Choice of crust and size - God only knows what I stuck there. There were guests. The grandson sang something to me in one ear when she chose the color and size of the hump, and the son said something of his own in the other ear. I was in complete prostation, that I have no idea what and how. I mean, how God put it on your soul)

And now the photo session.Glows a little, but you can understand. And I'm waiting for comments from everyone.

Scarlett Bread Maker

Scarlett Bread Maker

Scarlett Bread Maker

Scarlett Bread Maker

Scarlett Bread Maker

Scarlett Bread Maker

Hurrah! : yahoo: crust color suits me!
only I don't know how many times I pressed)

Matilda-N
Frosya with gal- wonderful bread !!! just handsome, like an Easter egg !!! : bravo: and the roof is wonderful, everything is great !!! Hooray, you made friends with the stove !!
Frosya with gal
Quote: Matilda-N

Frosya with gal- wonderful bread !!! just handsome, like an Easter egg !!! : bravo: and the roof is wonderful, everything is great !!! Hooray, you made friends with the stove !!
Thank Matilda-N A very pleasant review.
Roof, yes. did not disappoint. I would still know how many times the size and crust poked on the buttons)
And also ... on one side the roof is not smooth.

But the bread turned out very tasty.
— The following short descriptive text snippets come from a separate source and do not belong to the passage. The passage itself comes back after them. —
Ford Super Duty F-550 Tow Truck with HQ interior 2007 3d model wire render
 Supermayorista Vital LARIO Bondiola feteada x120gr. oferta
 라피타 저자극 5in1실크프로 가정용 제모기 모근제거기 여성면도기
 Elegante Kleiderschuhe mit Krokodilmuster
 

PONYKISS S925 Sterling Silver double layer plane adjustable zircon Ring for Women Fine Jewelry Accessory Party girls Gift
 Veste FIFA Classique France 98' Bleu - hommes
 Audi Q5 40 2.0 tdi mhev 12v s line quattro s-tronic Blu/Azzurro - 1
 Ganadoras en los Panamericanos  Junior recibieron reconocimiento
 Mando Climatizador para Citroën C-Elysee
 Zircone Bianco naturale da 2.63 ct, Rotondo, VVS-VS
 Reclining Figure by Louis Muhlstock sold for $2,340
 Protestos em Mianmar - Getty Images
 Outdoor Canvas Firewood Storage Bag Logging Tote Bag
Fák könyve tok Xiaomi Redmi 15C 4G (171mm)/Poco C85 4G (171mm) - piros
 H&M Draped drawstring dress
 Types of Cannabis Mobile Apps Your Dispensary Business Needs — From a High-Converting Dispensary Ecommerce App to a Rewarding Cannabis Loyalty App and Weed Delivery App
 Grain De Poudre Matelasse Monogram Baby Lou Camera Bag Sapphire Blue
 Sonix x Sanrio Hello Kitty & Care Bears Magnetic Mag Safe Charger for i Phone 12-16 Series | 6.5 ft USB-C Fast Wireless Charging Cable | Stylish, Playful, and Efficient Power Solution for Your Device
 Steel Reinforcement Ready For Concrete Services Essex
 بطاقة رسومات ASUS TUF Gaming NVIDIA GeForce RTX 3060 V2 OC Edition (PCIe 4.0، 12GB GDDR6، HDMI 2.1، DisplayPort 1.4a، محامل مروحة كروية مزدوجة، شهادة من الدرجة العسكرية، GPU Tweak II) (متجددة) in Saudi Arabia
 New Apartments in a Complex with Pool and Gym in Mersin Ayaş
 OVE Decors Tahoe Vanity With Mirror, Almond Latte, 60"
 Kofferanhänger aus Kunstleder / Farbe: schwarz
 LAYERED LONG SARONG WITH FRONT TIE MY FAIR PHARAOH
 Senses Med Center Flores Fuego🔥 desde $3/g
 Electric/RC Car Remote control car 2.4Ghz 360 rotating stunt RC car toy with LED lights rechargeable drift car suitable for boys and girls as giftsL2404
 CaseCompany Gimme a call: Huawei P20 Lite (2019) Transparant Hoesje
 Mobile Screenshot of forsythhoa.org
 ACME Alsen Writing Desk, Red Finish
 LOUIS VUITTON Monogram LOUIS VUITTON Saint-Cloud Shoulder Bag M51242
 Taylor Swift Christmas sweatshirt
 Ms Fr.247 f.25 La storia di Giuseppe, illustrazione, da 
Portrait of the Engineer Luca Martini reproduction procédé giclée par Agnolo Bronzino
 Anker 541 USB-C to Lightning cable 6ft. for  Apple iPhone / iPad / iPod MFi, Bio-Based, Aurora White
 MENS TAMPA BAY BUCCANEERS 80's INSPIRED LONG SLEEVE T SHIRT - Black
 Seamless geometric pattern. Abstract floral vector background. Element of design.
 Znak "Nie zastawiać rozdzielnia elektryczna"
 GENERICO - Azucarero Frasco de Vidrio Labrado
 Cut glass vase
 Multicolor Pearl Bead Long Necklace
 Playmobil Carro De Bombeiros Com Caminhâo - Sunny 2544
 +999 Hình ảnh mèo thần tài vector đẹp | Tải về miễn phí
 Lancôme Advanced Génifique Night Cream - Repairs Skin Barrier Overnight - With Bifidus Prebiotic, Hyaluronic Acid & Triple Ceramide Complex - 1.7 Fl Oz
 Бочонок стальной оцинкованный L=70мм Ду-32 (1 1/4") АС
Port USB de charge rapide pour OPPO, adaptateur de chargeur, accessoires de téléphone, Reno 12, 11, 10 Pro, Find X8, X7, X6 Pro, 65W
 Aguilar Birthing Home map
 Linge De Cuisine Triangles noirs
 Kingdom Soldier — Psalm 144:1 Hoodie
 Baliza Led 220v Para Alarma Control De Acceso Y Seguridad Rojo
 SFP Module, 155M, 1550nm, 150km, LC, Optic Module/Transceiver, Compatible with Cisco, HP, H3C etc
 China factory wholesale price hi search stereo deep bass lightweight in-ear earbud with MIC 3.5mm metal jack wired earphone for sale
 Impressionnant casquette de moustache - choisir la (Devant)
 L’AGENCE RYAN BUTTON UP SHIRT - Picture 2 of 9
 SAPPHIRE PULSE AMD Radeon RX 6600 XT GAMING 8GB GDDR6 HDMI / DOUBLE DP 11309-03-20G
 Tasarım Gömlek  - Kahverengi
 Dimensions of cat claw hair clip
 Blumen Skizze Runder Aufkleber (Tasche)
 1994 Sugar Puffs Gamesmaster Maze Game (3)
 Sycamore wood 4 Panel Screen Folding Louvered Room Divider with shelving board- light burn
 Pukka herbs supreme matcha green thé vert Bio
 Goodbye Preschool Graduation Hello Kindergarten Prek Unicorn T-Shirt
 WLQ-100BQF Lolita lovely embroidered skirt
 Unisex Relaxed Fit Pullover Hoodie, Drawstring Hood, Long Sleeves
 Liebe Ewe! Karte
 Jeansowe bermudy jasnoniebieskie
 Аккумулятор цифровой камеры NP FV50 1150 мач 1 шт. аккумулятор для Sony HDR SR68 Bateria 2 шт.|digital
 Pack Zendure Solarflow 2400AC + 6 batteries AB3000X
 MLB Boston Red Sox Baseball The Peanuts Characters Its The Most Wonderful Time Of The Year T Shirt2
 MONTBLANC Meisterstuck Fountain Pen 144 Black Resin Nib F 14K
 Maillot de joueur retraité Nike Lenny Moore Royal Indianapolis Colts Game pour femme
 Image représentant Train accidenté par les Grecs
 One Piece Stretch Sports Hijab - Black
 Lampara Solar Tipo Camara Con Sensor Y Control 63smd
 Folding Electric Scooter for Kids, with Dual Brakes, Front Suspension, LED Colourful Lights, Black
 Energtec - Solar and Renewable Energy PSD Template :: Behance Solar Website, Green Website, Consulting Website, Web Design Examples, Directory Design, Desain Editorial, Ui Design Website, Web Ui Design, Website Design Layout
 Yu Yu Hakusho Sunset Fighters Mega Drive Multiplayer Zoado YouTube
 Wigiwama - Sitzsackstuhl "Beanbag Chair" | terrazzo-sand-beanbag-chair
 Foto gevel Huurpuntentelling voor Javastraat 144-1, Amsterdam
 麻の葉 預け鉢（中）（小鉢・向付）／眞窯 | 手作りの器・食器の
The sides are crispy.
Omela
Frosya with gal, Congratulations on your lucky bread.

Quote: Frosya with gal

I would still know how many times the size and crust poked on the buttons)
Crust color: The default is medium crust. Press once - dark, press twice - light. press three times - medium.

The size: by default 750 g. Press once - 500 g., press twice - 750 g.
Frosya with gal
Quote: Omela

Frosya with gal, Congratulations on your lucky bread.
Crust color: The default is medium crust. Press once - dark, press twice - light. press three times - medium.

The size: by default 750 g. Press once - 500 g., press twice - 750 g.

Thank you!
I did not understand the size of the button. And 1000 grams?
Omela
Sorry, this is for the 400 model.
Yelichka
Quote: Roman13

Hello. I lost a blade from the sc-400 stove, called the officials and so on different sites, they said there was no available: (((can anyone tell me where to buy?

Admin, only in the service center. All addresses and phone numbers are in the instructions. Or in the enclosed insert.
pog.natali
Admin, how long have you been using this stove model, how does it suit you?
pog.natali
Hello everyone! I really want to buy a stove, but I can't make a choice: help, please. I hesitate between Scarlet SL-1525 and Scarlet SC-400, I want to bake yeast-free bread, but in Scarlet SL-1525 there is no such program and the reviews about Scarlet SL-1525 are not very good. Who can, tell me, please. I really hope for your help.